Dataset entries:

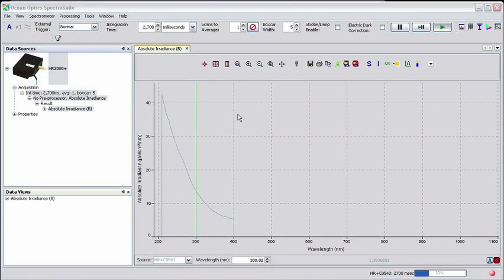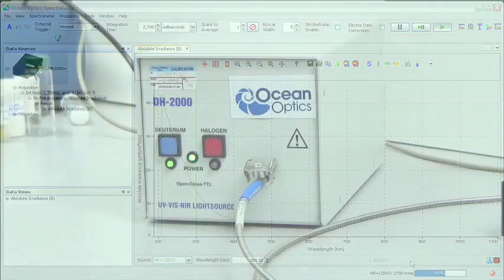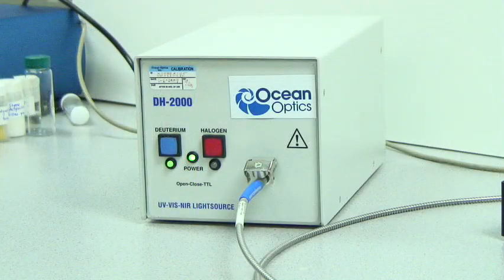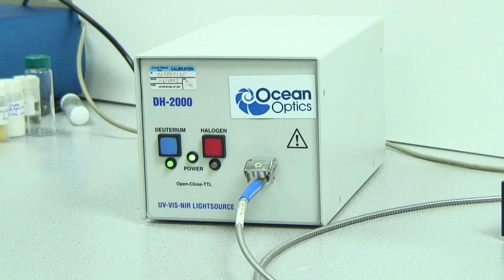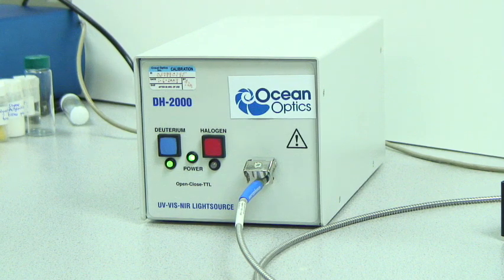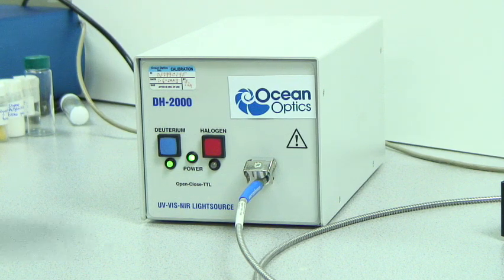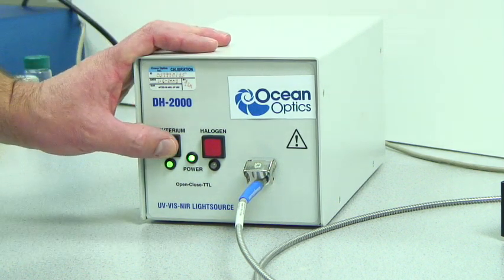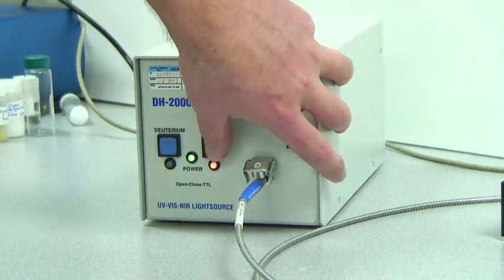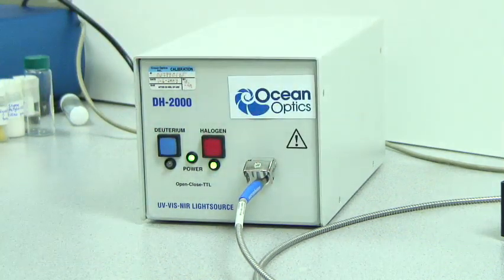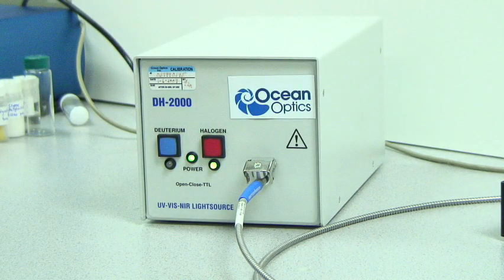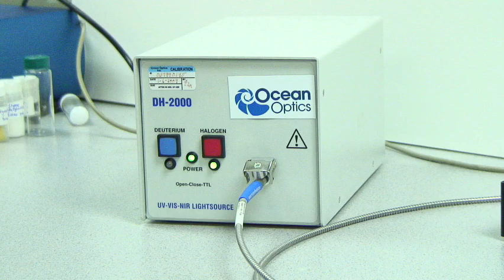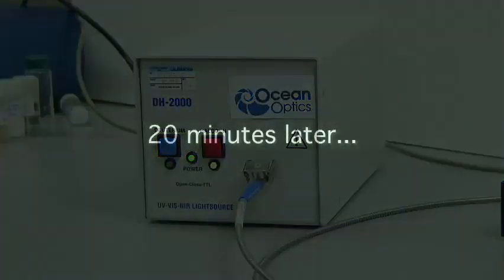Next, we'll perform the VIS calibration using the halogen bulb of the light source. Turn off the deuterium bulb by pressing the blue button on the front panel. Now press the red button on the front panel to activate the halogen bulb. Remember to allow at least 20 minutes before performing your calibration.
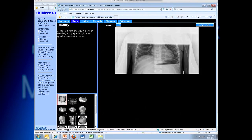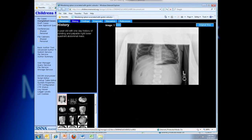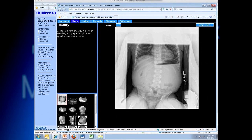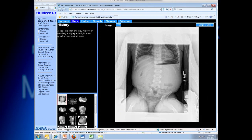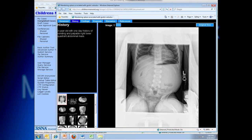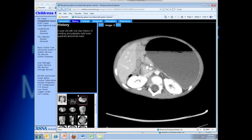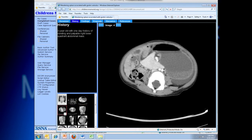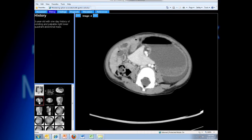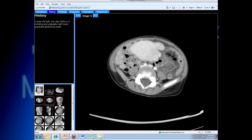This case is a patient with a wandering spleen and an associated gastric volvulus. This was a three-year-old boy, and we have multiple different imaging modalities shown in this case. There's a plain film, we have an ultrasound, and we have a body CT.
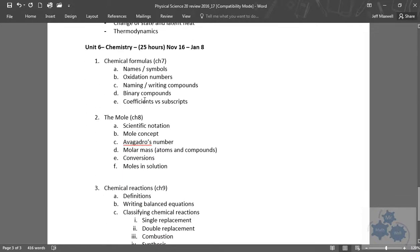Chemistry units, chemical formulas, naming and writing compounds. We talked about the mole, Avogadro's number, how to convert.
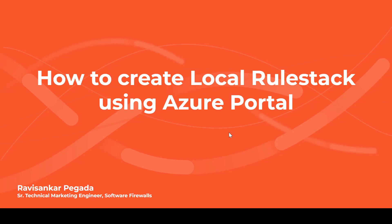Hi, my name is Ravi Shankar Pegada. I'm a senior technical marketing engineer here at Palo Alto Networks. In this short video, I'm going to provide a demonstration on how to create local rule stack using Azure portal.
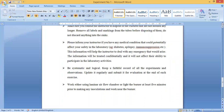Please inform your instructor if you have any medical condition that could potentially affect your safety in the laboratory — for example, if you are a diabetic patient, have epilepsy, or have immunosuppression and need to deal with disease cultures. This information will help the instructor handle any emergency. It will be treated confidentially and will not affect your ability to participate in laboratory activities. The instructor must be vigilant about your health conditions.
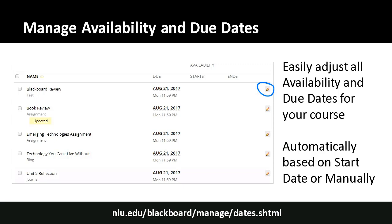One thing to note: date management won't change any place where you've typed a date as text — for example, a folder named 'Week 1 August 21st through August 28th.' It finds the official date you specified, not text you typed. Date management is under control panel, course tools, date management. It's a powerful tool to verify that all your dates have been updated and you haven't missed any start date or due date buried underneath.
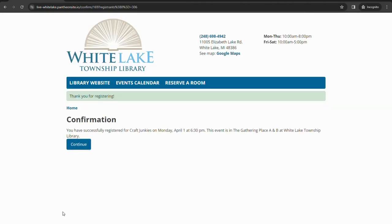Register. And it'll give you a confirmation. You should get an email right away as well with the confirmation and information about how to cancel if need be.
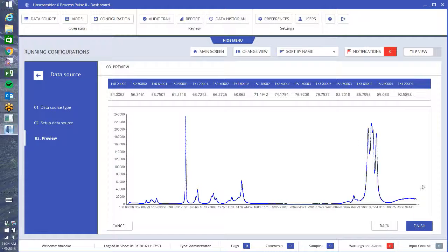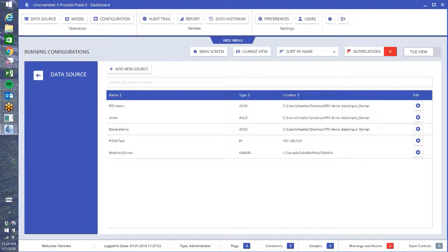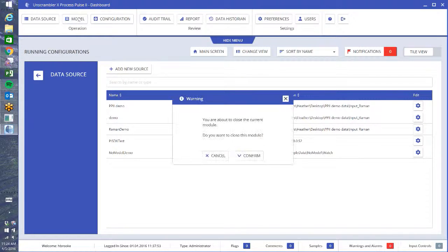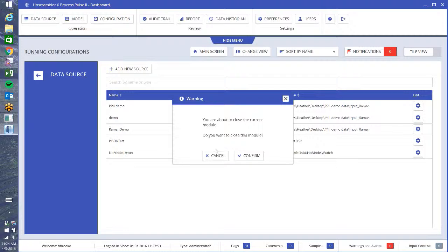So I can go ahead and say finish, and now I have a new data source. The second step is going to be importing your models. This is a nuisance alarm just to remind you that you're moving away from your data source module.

▶ _Work required_
Restate word for word the lines starting at the one that contains "Register. And it'll" and ending at the last line of the data. Skip every picture.

▶ _Task result_
Register. And it'll give you a confirmation. You should get an email right away as well with the confirmation and information about how to cancel if need be.
So I can go ahead and say finish, and now I have a new data source. The second step is going to be importing your models. This is a nuisance alarm just to remind you that you're moving away from your data source module.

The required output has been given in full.